TASK GOAL
Give again, word for word, the line holding "トータルサロン福屋 熊本中央" and every line after it through the end of the data below. Omit pictures.

SUPPLIED DATA
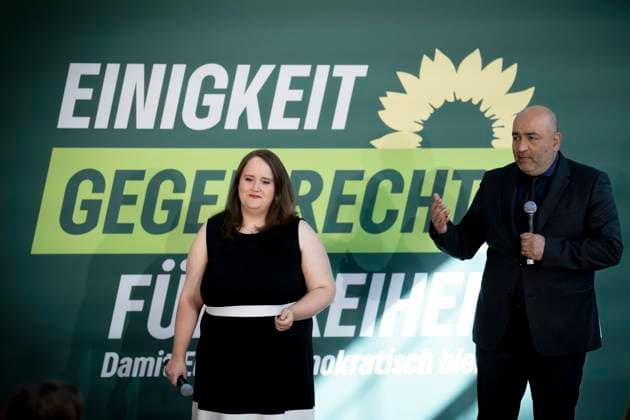 Ricarda Lang, Omid Nouripour, Europawahlkampfauftakt DEU, Deutschland, Germany, Berlin, 13.05.2024 Ricarda Lang , Co-Vorsitzende der Grünen in Deutschland, und Omid Nouripour , Co-Vorsitzender der Grünen in Deutschland (v.l.n.r.) beim Wahlkampfauftakt der Gruenen zur Europawahl 2024 in Berlin Deutschland en: Ricarda Lang ,co-leader of Germany s Green party, and Omid Nouripour , co-leader of Germany s Green Party (f.l.t.r.) at the Green Party s campaign launch for the 2024 European elections in Berlin Germany . *** Ricarda Lang, Omid Nouripour, European election campaign launch DEU, Germany, Germany, Berlin, 13 05 2024 Ricarda Lang , co-leader of Germany s Green Party, and Omid Nouripour , co-leader of Germany s Green Party f l n r at th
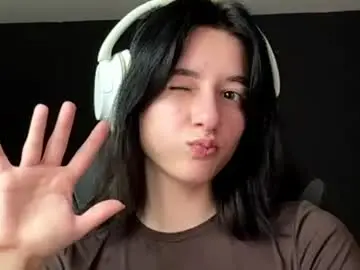 Chaturbate Live Sex Cam of merrillnoorigian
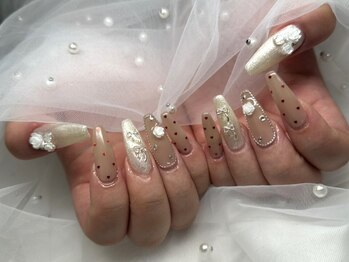 トータルサロン福屋 熊本中央店の写真/イベント盛りだくさんな季節に向けて*美しいフォルムにこだわりアリ!指先を彩り女子力UP♪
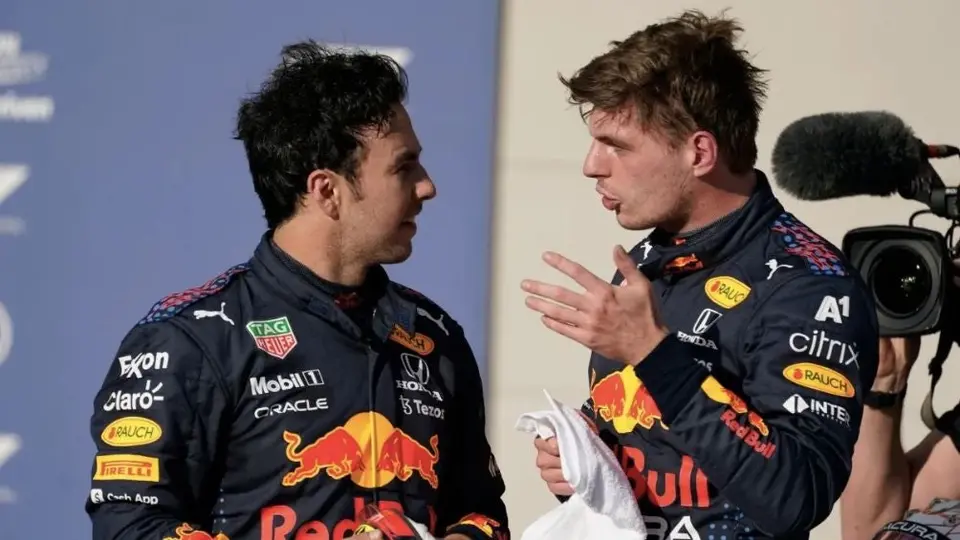 Checo Pérez sobre Verstappen: "Es muy difícil tener a Max como compañero"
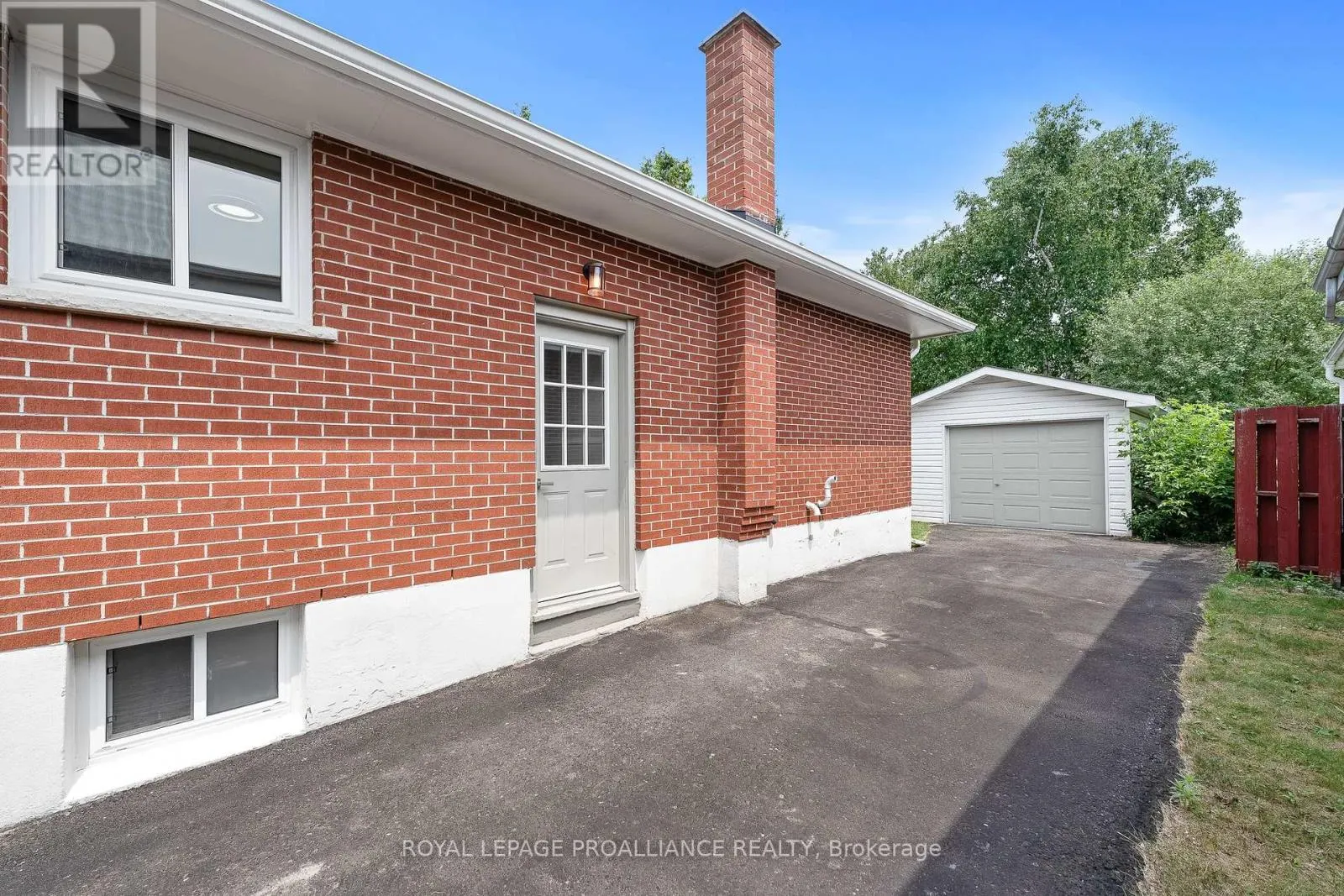 556 SINCLAIR STREET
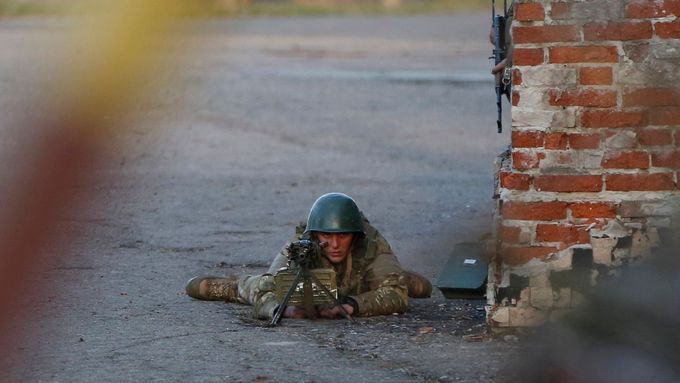 Ukrajinský voják v Kramatorsku. 15. duben 2014.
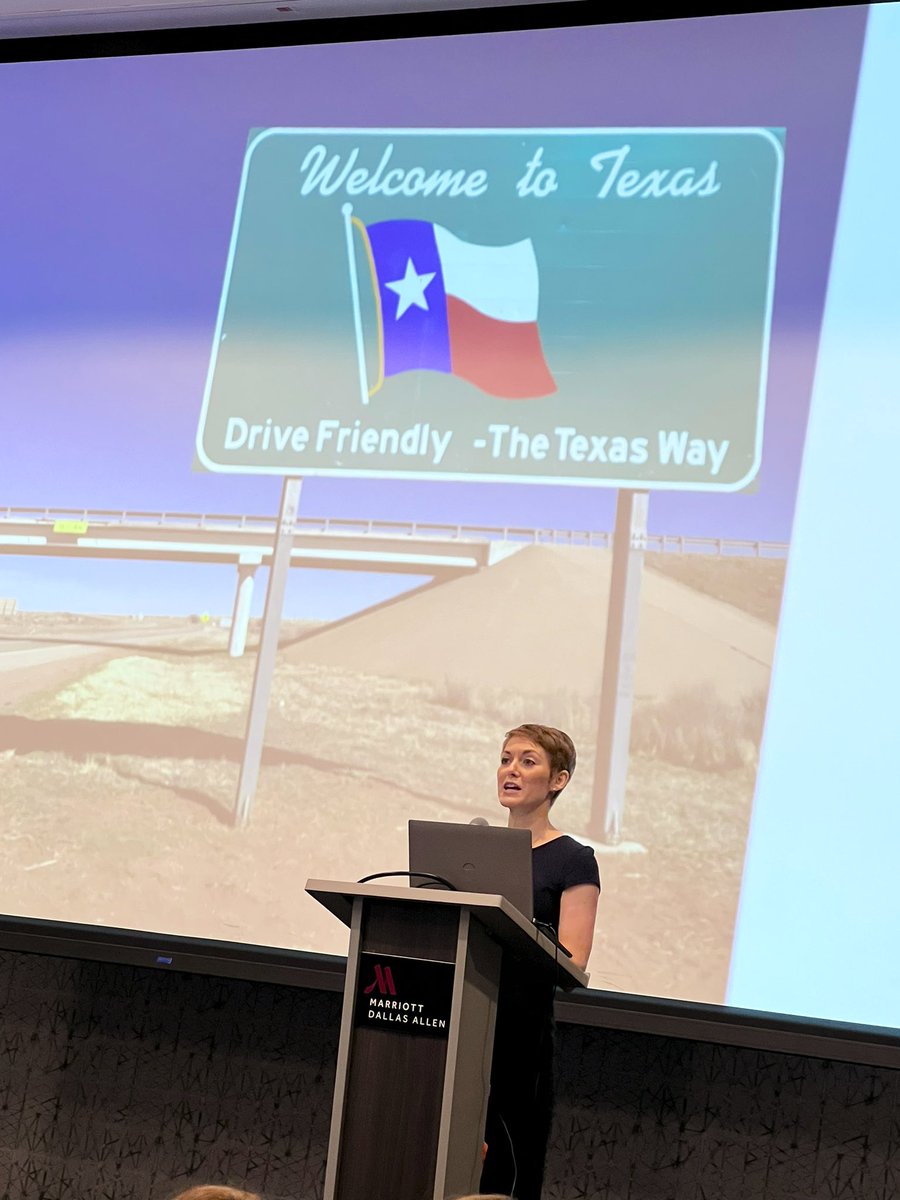 HolaChurchLady's tweet photo. I invite you to imagine with me what life would be like in Texas if 100% of its citizens were multilingual and approached culture with acceptance and curiosity. -Dr. Meredith Clark

<can’t type fast enough>

#tflaafc22 @TFLA_Tweets @r10worldlangs https://t.co/aLI1ixL00h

EXERCISE RESULT
 トータルサロン福屋 熊本中央店の写真/イベント盛りだくさんな季節に向けて*美しいフォルムにこだわりアリ!指先を彩り女子力UP♪
 Checo Pérez sobre Verstappen: "Es muy difícil tener a Max como compañero"
 556 SINCLAIR STREET
 Ukrajinský voják v Kramatorsku. 15. duben 2014.
 HolaChurchLady's tweet photo. I invite you to imagine with me what life would be like in Texas if 100% of its citizens were multilingual and approached culture with acceptance and curiosity. -Dr. Meredith Clark

<can’t type fast enough>

#tflaafc22 @TFLA_Tweets @r10worldlangs https://t.co/aLI1ixL00h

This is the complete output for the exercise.